◆ **The problem**
Leave out the pictures and retype, exactly, the lines below from the line with "抱っこ紐用　インサートの画像" up to and including the line with "HP DHS-2111S Stereo 2.1 Multimedia Speaker", nothing more.

◆ **Input material**
= = =
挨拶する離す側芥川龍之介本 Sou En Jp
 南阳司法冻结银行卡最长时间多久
= = =
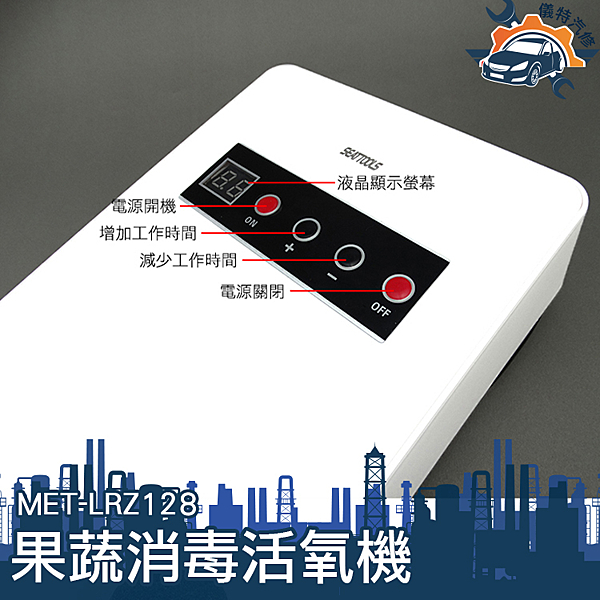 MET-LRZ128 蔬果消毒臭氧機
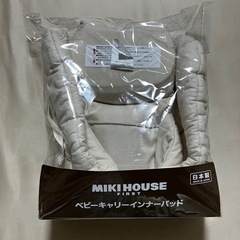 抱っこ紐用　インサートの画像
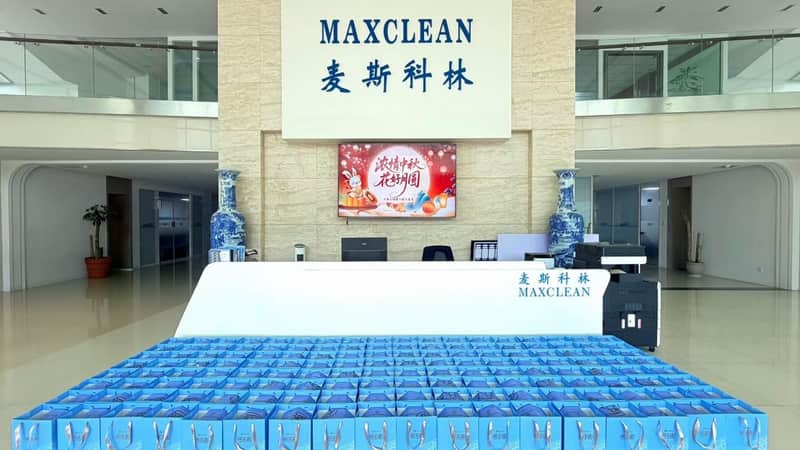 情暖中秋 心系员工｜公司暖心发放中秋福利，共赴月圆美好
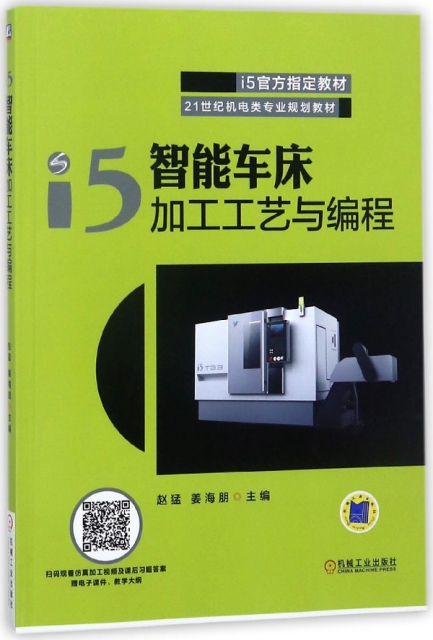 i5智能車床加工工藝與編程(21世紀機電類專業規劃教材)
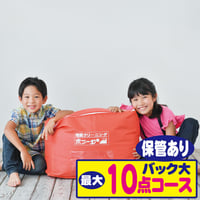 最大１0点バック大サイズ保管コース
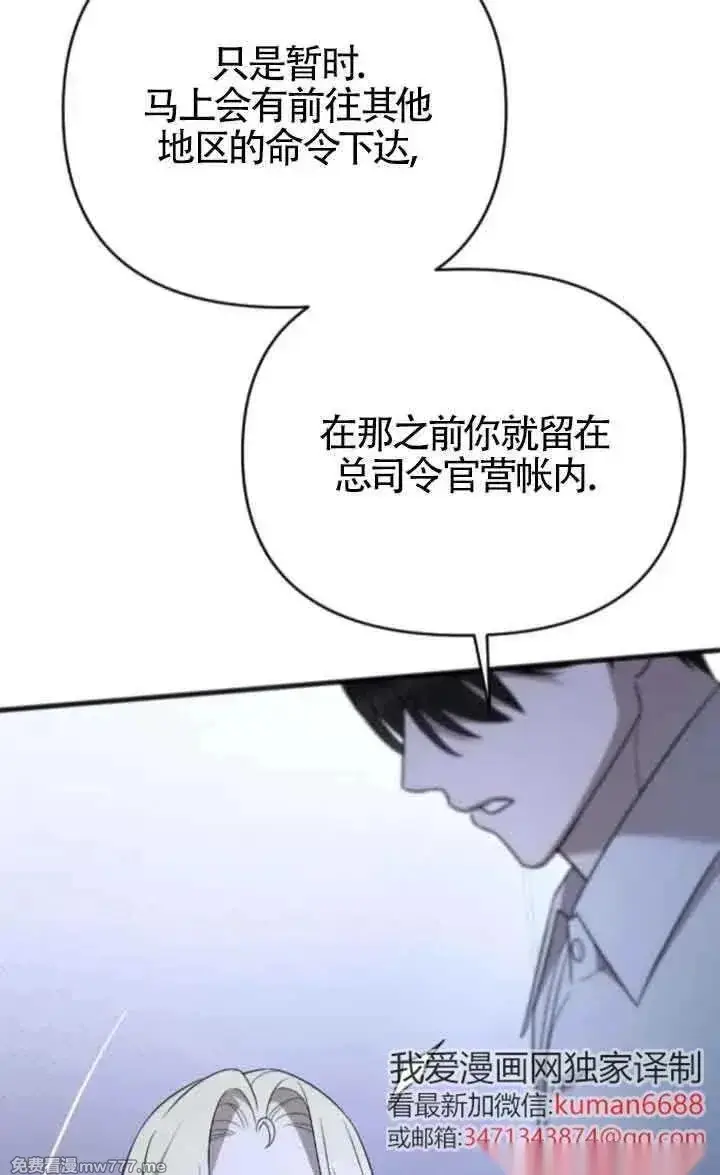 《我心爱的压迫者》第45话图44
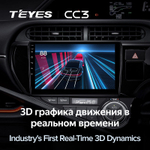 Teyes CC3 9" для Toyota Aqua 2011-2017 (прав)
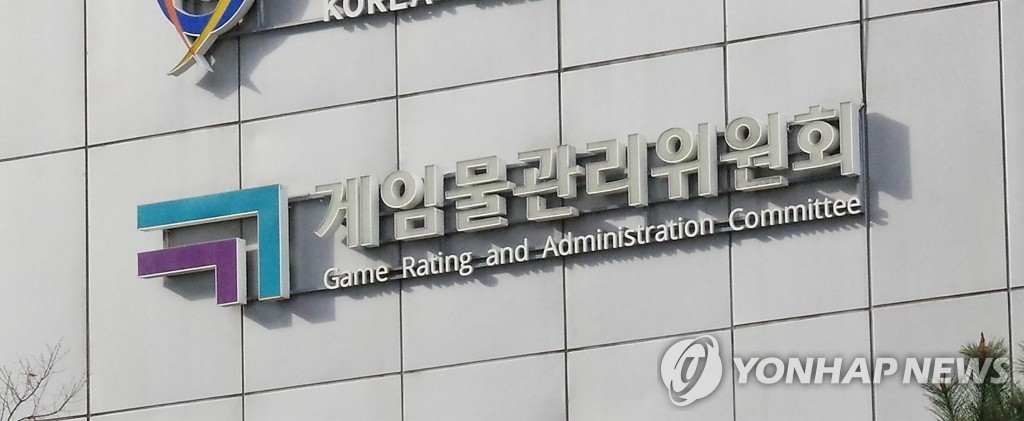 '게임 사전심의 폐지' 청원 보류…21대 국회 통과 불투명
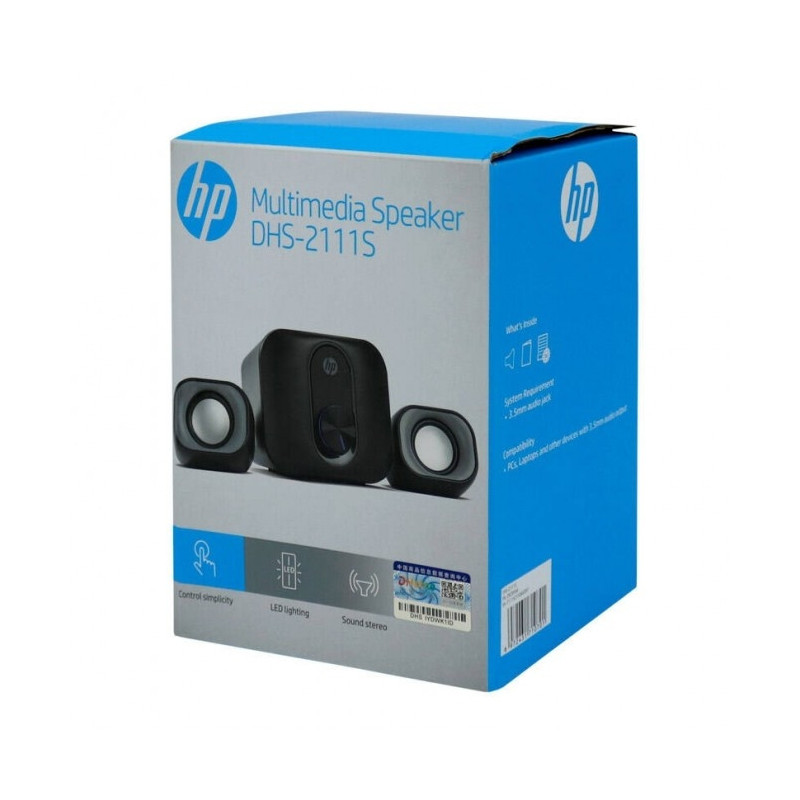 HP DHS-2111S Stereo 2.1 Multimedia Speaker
= = =
◆ **Answer for the task**
 抱っこ紐用　インサートの画像
 情暖中秋 心系员工｜公司暖心发放中秋福利，共赴月圆美好
 i5智能車床加工工藝與編程(21世紀機電類專業規劃教材)
 最大１0点バック大サイズ保管コース
 《我心爱的压迫者》第45话图44
 Teyes CC3 9" для Toyota Aqua 2011-2017 (прав)
 '게임 사전심의 폐지' 청원 보류…21대 국회 통과 불투명
 HP DHS-2111S Stereo 2.1 Multimedia Speaker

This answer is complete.